Exercise directions |
Within the listing below, please copy exactly the lines between the line holding "Used 2022 Nissan" and the line holding "мне нравится чувствовать, как", inclusive.

Information |
************

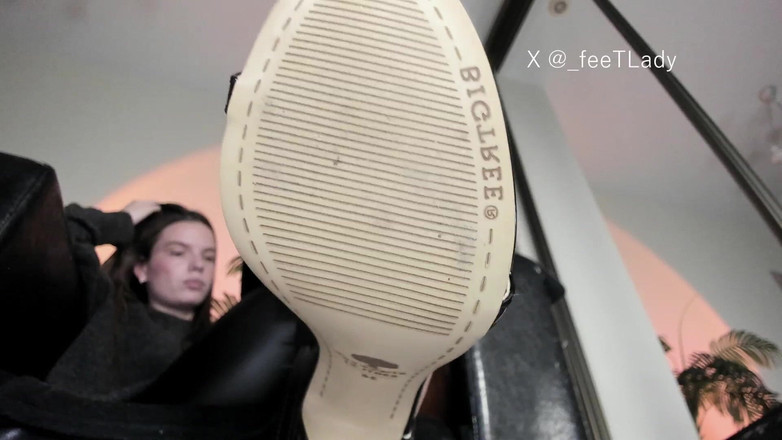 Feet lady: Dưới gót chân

************

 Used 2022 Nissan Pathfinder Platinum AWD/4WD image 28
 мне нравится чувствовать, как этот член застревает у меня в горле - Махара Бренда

************

Task output |
 Used 2022 Nissan Pathfinder Platinum AWD/4WD image 28
 мне нравится чувствовать, как этот член застревает у меня в горле - Махара Бренда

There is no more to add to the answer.